Go to the line with "Read more about" in the entries below and write out every line from there through the line with "The Dangerous New", exactly and without pictures.

Start of Dataset

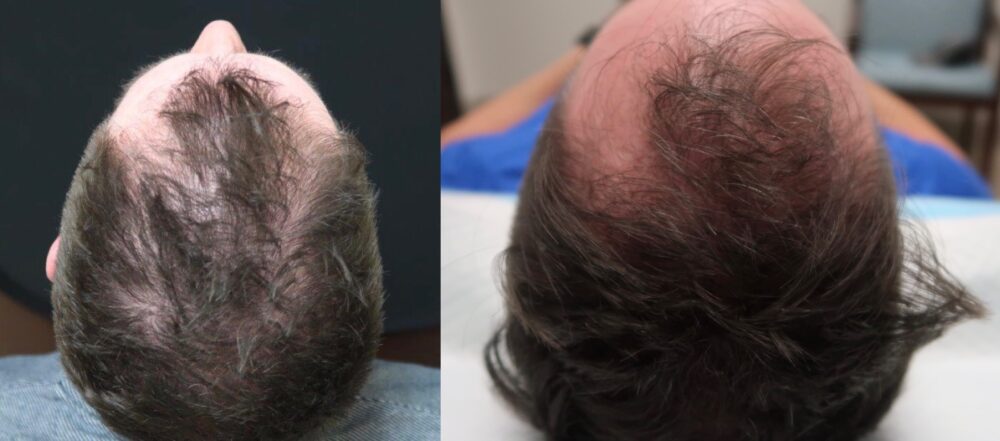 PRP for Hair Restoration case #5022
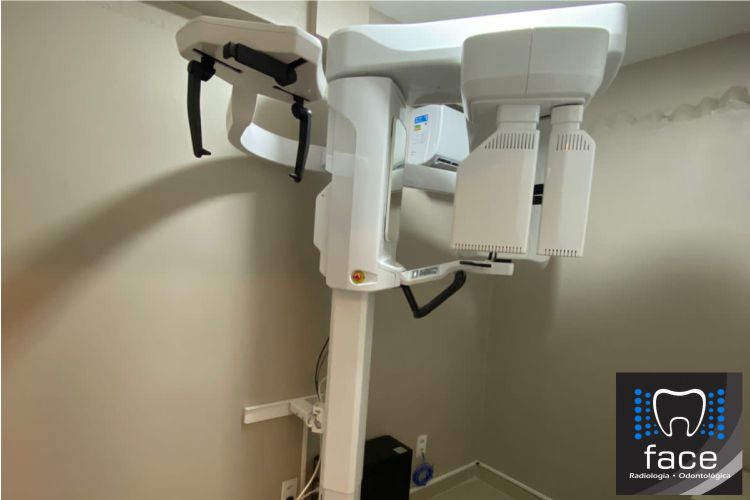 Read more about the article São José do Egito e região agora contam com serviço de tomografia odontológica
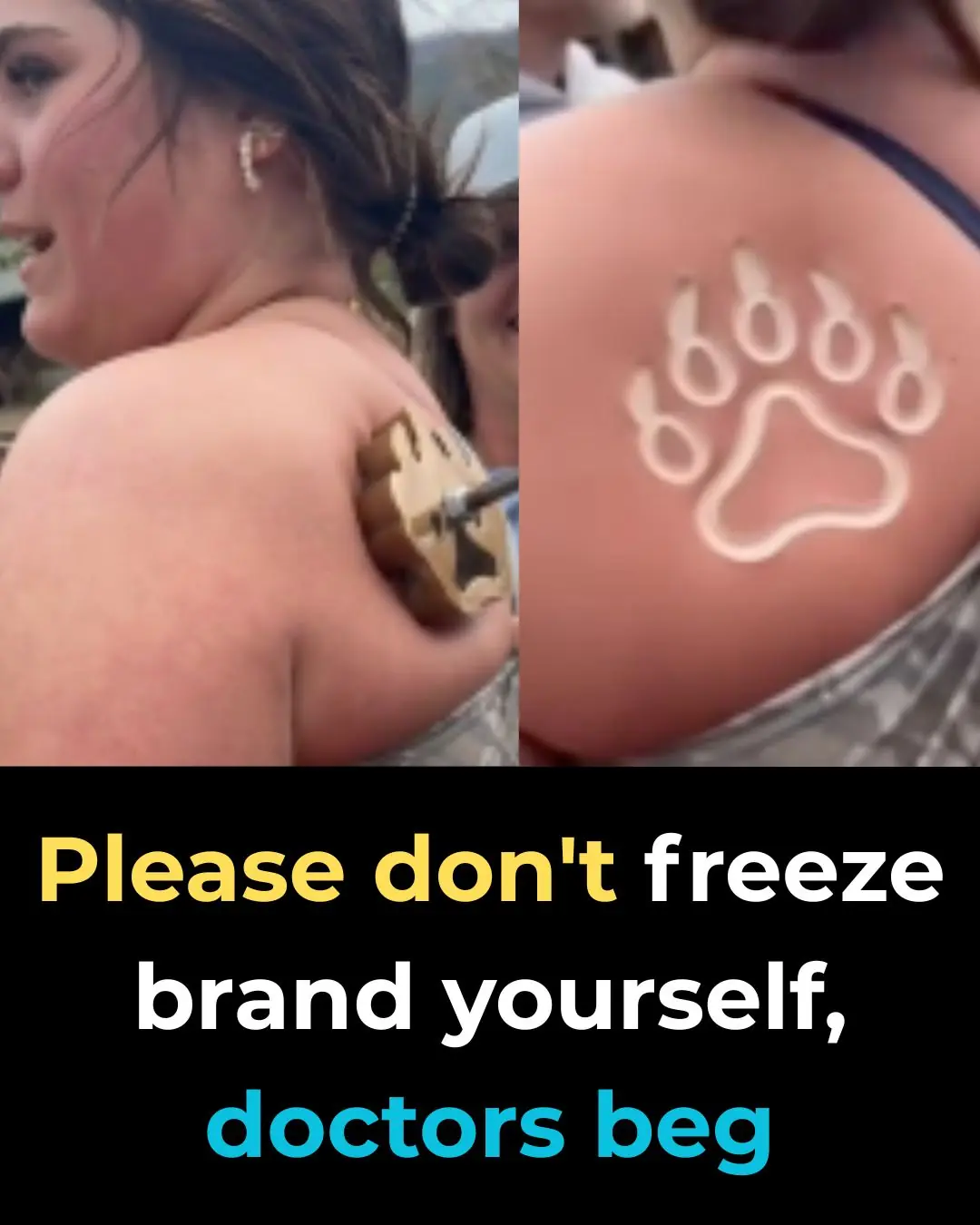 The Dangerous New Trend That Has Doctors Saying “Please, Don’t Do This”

End of Dataset
Start of Dataset

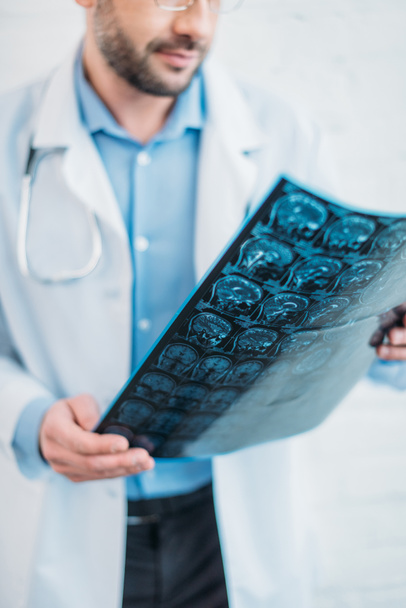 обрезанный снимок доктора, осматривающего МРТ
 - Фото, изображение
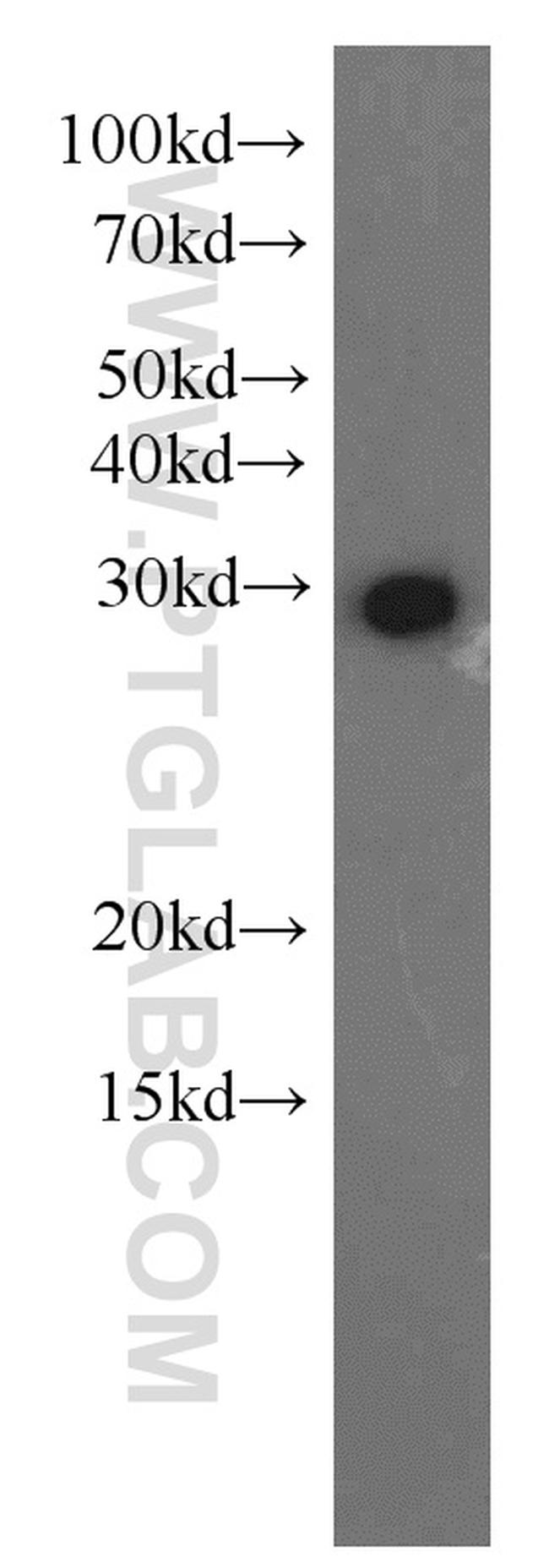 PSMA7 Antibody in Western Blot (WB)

End of Dataset
Start of Dataset

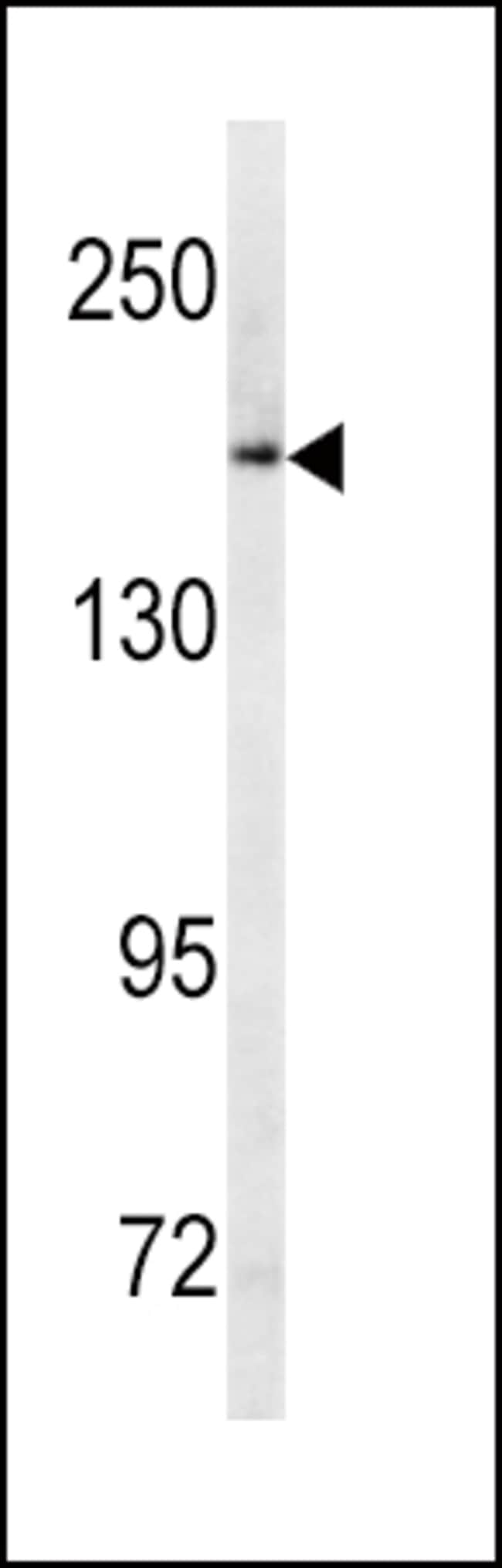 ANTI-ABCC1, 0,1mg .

End of Dataset

» **Answer space**
 Read more about the article São José do Egito e região agora contam com serviço de tomografia odontológica
 The Dangerous New Trend That Has Doctors Saying “Please, Don’t Do This”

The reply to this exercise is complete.